3. Body conditioning:
- Exercise and movement improve lymph flow whilst conditioning the heart and lungs. As the immune system does not have its own pump, it relies on movement to function effectively
- Dry skin brush 4-5 times weekly before showering, to remove any dead skin to keep the first line of defence functioning correctly
- Hot and cold hydrotherapy – invigorate yourself and your immune every day with a hot and cold shower or take a sauna once weekly. Hydrotherapy is very effective for stimulation of lymph flow and strengthening immunity.
4. Know your limits and rest:
- Recognise when you are tired and feeling fatigued to avoid “flogging a dead horse”

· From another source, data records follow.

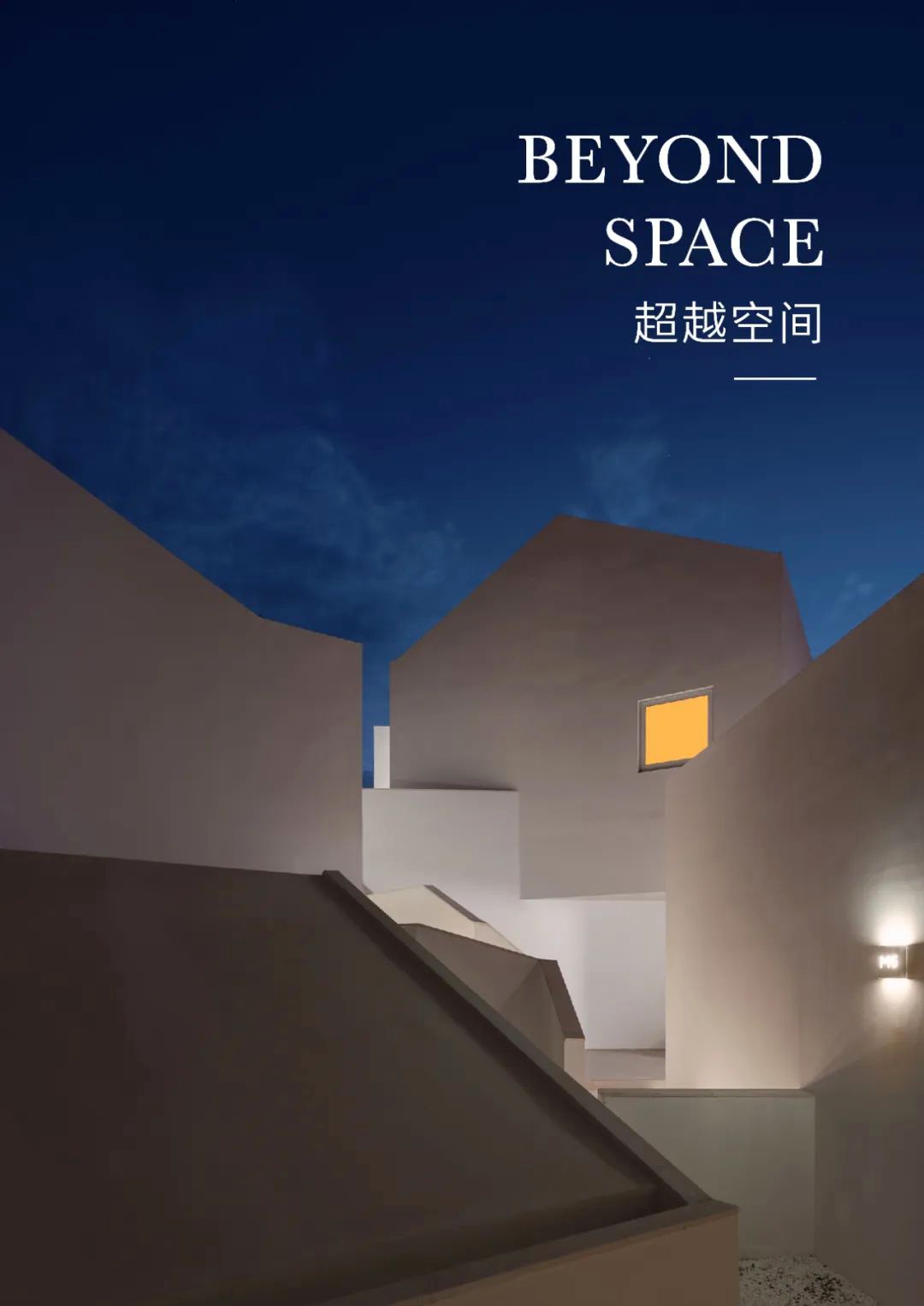 遂昌·米窝设计师酒店丨中国丽水丨杭州时上建筑空间设计事务所-67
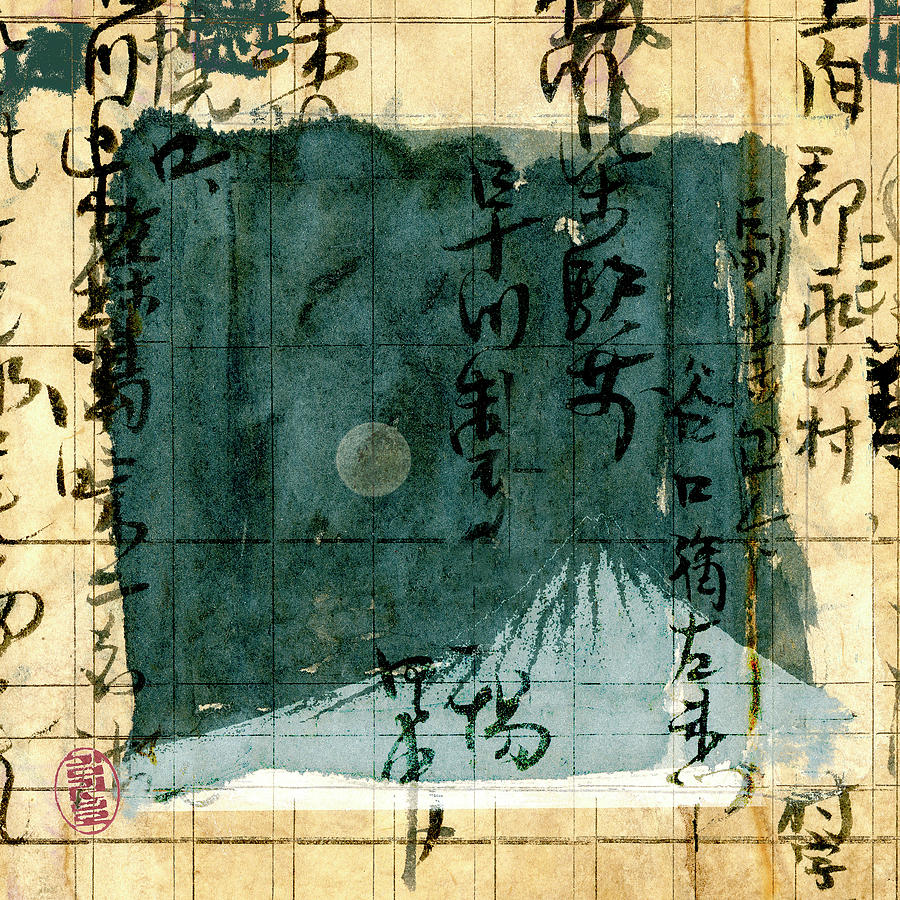 Mount Fuji Sketch on Ledger Paper Mixed Media by Carol Leigh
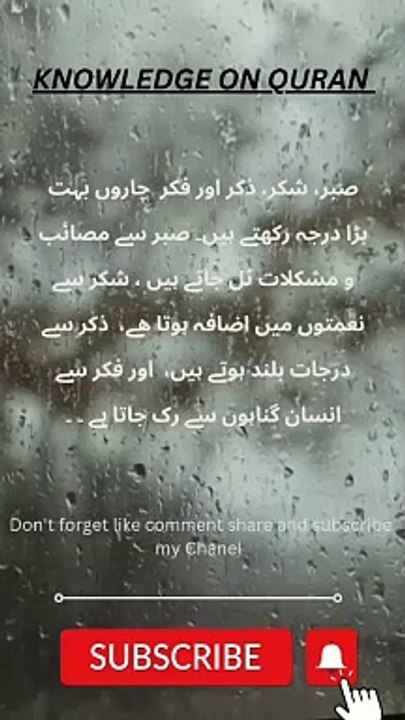 گناہوں سے رکنے کا طریقہ ۔۔۔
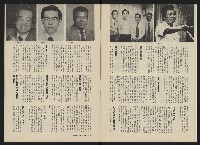 《政治家半月刊NO.27》藏品圖，第5張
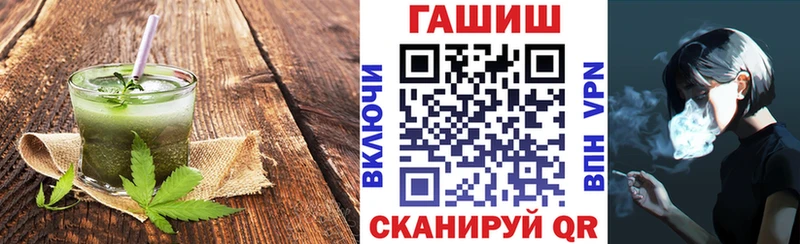 где продают   Дорогобуж  Еда ТГК марихуана 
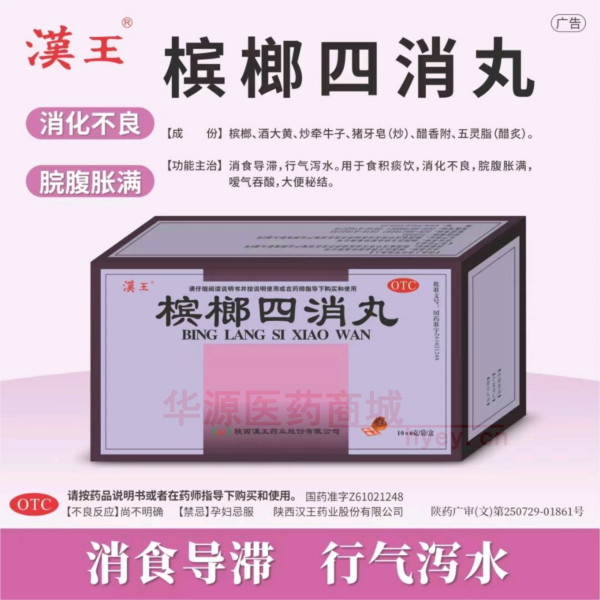 优选 槟榔四消丸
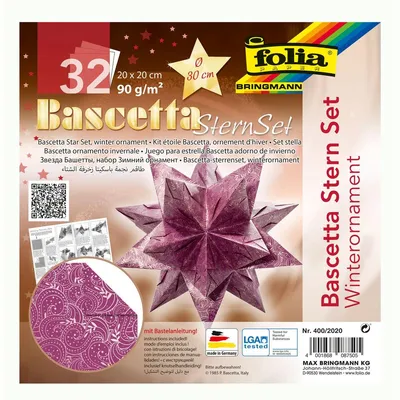 Produktbild von folia Faltblätter Bascetta-Stern 200 x 200 mm 90 g/qm 32 Blatt lila bedruckt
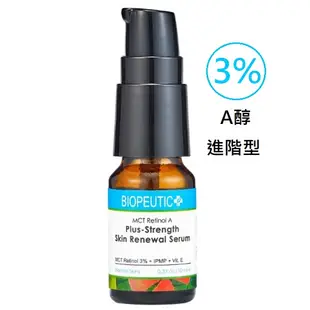 葆療美MCT A醇3%專業煥亮精華10ml(進階型) (原價1380元)8折特價 【3%A醇】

- A good night’s sleep helps the body get adequate rest and time to repair
- Avoid pushing yourself when you are suffering from a cold or flu to enable the body to recuperate quickly. Take bed rest if needed
- Switch off Wifi at night to limit exposure to electromagnetic radiation, especially when sleeping as this is when the immune is at its most vulnerable.
5. Have fun!
- According to the Mayo clinic and the US National Library of Medicine and National Institutes of Health, laughter and joy stimulate immune function, keeping us healthy and vibrant. Laughter affects the heart, it improves blood circulation, mental functions and sleep as well as reducing anxiety and uplifting the spirit.
When working in an environment that is fun to work in, it creates a strong desire to want to come to work to get more of what you love. The benefit to your employer is a productive, effective team of happy, healthy people who are focused, loving what they do and who they do it with.